Dissection minutieuse de ce phénomène et de la souffrance qu’il engendre chez les victimes, sur fond de malaise dans la civilisation, lié au mal-être de la perte du lien social.
Analyse éclairante de comment on peut perdre son équilibre et sa force intérieure sous l’impact de la destruction de l’image de soi, grignotée, jour après jour, par la perversion de cette forme de maltraitance ; acharnement subtil sur une proie qui s’y prête, à tout le moins, volontiers…
Pour elle, trois enfants à élever seule, un poste de cadre dans un service de pointe en communication, une réussite professionnelle.
Pour lui, médecin de l’urgence, une longue chaîne de journées sans fin, visites à domicile, le nez dans le volant, à apaiser la détresse humaine qui s’avance sous couvert de symptômes physiologiques.
Pour elle, le Paris des souterrains, et des couloirs sans fin de l’anxiété et de l’agitation menant aux tours vitrées des quartiers d’affaires.
Pour lui, les artères embouteillées ouvrant une brèche dans le Paris des banlieues et barres d’immeubles sordides.
Pour elle, le succès jusqu’à l’effondrement de tout son monde doré.
Pour lui, une vue imprenable sur la grisaille de la détresse d’autrui qu’il tente d’occulter dans un amour où il se noie.
Parcours parallèle et sinueux où, pour l’un comme pour l’autre, la vie bascule dans ces moments d’étrangeté totale où une décision doit se prendre pour sortir de ce qui ne vaut pas pour soi
Pour elle, c’est une démission.
Pour lui, une rupture.
Elle y met beaucoup de temps.
Il tranche brutalement.
Pour chacun l’avant et l’après se déclinent sur des modes particuliers : n’avoir pas vu venir, pour l’une ; avoir trop bien vu, pour l’autre.

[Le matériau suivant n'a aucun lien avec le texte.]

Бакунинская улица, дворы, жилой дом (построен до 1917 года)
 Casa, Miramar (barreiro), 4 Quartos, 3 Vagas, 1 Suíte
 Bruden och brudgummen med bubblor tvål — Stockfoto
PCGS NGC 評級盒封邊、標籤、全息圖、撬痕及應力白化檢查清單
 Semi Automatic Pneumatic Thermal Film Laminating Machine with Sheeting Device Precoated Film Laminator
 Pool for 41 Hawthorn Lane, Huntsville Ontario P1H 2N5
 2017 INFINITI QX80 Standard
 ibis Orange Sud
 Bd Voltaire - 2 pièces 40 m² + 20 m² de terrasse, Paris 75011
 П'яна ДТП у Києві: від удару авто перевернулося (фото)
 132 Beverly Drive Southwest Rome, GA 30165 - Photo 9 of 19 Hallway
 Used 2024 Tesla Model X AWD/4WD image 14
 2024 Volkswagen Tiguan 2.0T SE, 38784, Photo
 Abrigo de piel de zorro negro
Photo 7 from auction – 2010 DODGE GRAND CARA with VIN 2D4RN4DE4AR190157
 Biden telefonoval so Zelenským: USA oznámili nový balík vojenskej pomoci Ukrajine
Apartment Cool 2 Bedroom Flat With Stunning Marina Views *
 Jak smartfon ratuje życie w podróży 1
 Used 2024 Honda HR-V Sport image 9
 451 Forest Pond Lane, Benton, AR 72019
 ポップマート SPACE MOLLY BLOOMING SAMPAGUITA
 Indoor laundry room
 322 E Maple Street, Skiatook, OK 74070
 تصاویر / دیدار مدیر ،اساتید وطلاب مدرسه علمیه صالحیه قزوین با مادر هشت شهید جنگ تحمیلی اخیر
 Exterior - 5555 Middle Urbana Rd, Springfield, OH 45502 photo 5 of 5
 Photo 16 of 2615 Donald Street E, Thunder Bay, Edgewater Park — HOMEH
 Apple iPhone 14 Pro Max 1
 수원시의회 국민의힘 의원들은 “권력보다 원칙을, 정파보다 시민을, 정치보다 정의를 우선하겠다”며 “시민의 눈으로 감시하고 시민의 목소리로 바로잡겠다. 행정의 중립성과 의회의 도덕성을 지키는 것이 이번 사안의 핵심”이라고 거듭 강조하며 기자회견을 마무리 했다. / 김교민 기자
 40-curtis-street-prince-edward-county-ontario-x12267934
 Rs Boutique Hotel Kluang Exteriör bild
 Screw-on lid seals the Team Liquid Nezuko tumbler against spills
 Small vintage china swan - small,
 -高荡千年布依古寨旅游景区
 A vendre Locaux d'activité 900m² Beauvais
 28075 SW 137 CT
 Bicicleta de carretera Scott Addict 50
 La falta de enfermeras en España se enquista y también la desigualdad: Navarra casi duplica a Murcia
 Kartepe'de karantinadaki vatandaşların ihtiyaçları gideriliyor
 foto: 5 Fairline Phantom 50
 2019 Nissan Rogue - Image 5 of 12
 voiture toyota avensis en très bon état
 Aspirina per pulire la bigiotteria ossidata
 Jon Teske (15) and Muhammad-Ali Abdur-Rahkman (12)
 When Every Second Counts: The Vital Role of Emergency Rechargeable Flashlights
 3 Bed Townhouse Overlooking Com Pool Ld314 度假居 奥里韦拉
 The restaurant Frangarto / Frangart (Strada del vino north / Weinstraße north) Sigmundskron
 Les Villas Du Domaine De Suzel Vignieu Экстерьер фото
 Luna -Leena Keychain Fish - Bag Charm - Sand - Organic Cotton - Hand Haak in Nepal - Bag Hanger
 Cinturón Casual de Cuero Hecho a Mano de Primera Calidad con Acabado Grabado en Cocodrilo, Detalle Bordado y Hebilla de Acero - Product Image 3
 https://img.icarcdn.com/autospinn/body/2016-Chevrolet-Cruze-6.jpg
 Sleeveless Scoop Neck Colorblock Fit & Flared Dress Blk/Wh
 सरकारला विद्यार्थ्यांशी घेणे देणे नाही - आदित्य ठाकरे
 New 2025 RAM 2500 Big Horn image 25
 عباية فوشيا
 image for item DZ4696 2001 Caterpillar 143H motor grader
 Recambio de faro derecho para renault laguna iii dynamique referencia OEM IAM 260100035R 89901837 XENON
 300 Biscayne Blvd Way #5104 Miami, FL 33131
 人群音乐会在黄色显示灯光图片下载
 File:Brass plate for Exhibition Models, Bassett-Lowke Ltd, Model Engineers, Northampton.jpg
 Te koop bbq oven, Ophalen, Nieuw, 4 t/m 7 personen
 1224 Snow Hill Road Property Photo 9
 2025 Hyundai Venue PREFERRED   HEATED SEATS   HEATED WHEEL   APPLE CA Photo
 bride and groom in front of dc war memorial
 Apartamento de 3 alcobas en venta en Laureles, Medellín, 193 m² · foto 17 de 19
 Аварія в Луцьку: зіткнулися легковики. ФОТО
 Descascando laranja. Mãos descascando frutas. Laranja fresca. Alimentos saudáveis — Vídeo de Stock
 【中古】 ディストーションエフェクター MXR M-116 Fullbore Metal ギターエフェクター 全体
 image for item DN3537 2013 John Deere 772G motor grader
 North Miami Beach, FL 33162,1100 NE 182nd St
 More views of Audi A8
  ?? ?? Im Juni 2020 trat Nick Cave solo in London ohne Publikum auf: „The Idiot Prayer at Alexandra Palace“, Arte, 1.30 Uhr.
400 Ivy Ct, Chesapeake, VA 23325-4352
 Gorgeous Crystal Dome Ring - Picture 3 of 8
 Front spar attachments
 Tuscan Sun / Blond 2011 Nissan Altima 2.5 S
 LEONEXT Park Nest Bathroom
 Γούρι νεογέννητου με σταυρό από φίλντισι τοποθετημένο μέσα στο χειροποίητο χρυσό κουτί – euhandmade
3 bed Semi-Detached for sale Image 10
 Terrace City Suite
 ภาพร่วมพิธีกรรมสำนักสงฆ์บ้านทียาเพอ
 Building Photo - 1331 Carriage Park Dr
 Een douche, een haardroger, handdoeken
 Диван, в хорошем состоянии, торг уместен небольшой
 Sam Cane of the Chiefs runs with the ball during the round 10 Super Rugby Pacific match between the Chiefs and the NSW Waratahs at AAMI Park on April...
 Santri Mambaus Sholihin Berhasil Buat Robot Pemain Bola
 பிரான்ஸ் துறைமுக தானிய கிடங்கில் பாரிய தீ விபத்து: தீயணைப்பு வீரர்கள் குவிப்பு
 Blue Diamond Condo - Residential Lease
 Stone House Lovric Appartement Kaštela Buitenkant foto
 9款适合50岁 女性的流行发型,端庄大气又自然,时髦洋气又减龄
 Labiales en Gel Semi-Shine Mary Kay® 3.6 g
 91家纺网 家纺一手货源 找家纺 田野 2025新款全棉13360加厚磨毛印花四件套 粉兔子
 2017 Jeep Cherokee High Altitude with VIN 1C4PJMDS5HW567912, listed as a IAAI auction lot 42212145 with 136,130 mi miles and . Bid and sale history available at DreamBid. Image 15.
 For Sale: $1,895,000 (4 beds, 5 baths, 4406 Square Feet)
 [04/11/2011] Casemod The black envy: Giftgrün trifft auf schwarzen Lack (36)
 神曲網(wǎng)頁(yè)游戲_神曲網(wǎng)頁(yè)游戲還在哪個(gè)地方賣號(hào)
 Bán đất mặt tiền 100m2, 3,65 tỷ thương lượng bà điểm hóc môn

Elle peine avant ; il peine après ; elle paye avant, lui paye après ; on paye toujours là où l’on s’est aveuglé. La vie ne fait pas de cadeau. Il faut se détacher. La liberté est un choix : encore faut-il en payer le prix.
Une décision qu’il va falloir assumer, des conséquences qu’il faut affronter, vaille que vaille…
Comme disait Lacan : l’acte est acéphale mais le sujet doit pouvoir en répondre, dans l’après coup, et s’y assujettir.
Dans les deux cas : perdre, quitter, renoncer, et accepter, aussi, de retomber sur ses pieds pour pouvoir continuer à avancer quand même, malgré tout, pas après pas, jusqu’à ce que les batteries de la vie, et de sa pulsion, se rechargent… Ils prennent tous les deux cette option de se raccrocher à l’avenir, pour s’éloigner de la douleur du passé.
La sobriété de l’écriture met en relief les contours acérés de cet effroi de la solitude de chacun au milieu des autres, constat, amer, que l’on peut se croiser sans se rencontrer.